U.S. packaging machinery shipments rise
January 29, 2014
Following an anemic (0.06 percent) increase in 2002, U.S. shipments of packaging machinery (excluding parts and service) edged up by $82 million or 1.7 percent in 2003 to an estimated $4.889 billion. The estimate is based on data derived from the Tenth Annual PMMI Shipments and Outlook Study from the Packaging Machinery Manufacturers Institute (www.pmmi.org).
Shipments are defined to include calendar-year billings of new machinery only, not used and rebuilt machinery or service and replacement parts. Tracing the history of U.S. packaging machinery shipments from 1995 through 2003 reveals that the industry is now beginning to follow through— albeit slowly—in recovery from the sharp downturn that occurred in 2001. It also shows that the industry has come off a period of heady times back in the mid- to late-1990s when annual growth of shipments was expressed in more solid numbers, e.g., 10.9 percent in 1995, 8.1 percent in 1997.
Likewise, the industry's performance over the past nine years has been attuned to a nearly predictable short-cycle pattern, with growth rates alternating sharply in amplitude from one year to the next. The pattern has been attributable to a number of diverse factors, some cyclical and others coincidental. In fact, the 2003 growth was based entirely on a surge in U.S. machinery exports, inasmuch as the industry's shipments to domestic customers declined for the year.

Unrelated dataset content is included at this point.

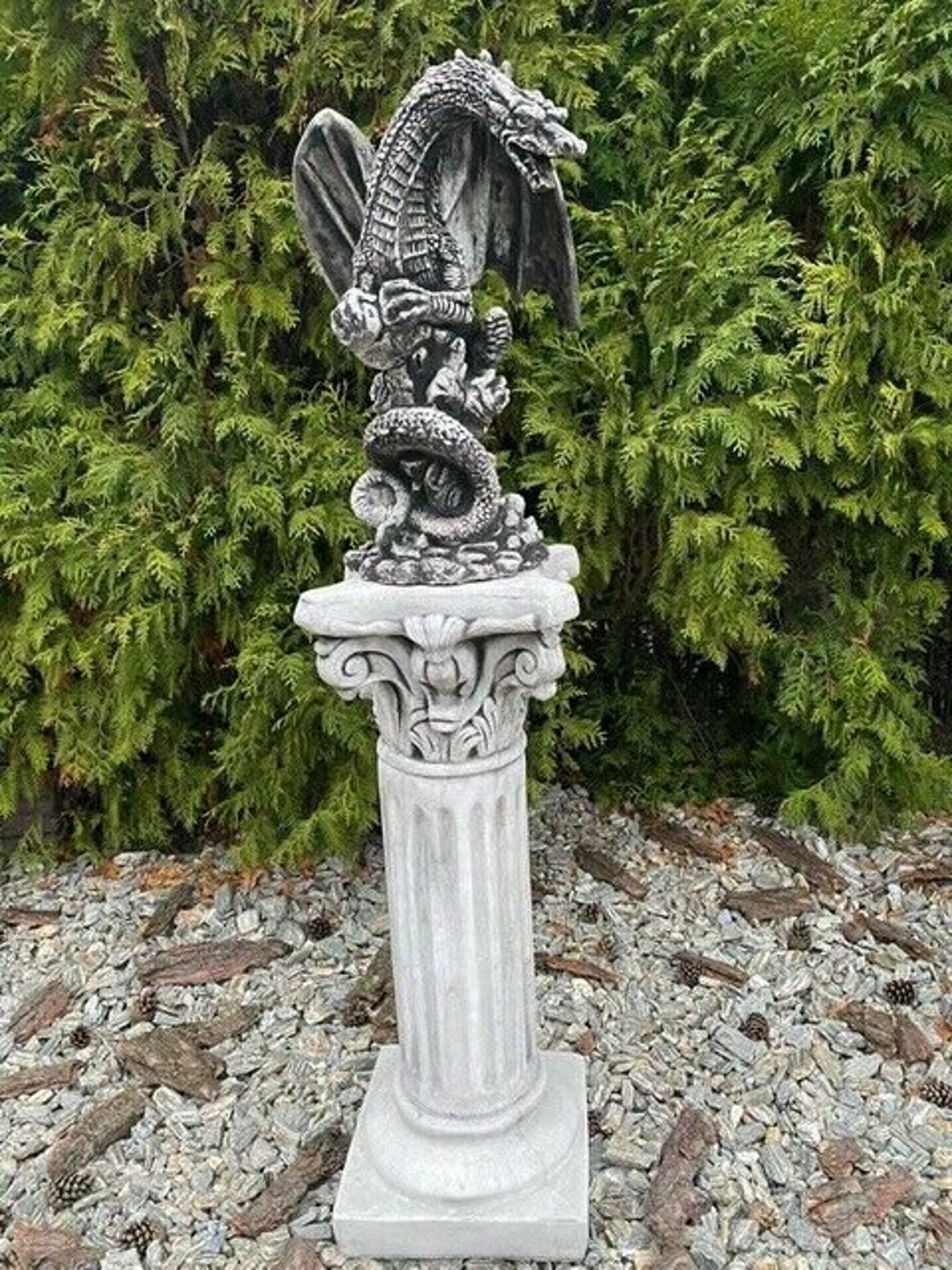 Concrete Dragon, Statue Dragon, Dragon on the Rock, Outdoor Statue, for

Read which MARKET DRIVERS are fueling the modest growth in machinery shipments at www.packagingdigest.com/info/shipments.
During recent years, domestic shipments growth had been the bulwark of the industry's annual gains, while exports languished. Therefore, the shift, if not temporary, may give cause for concern. While it is too early to conclude, as some analysts suggest, that future growth will be considerably more subdued than in the last decade, the reality is that many things have changed since then, and as a result, the heady numbers may not be as readily attainable as before.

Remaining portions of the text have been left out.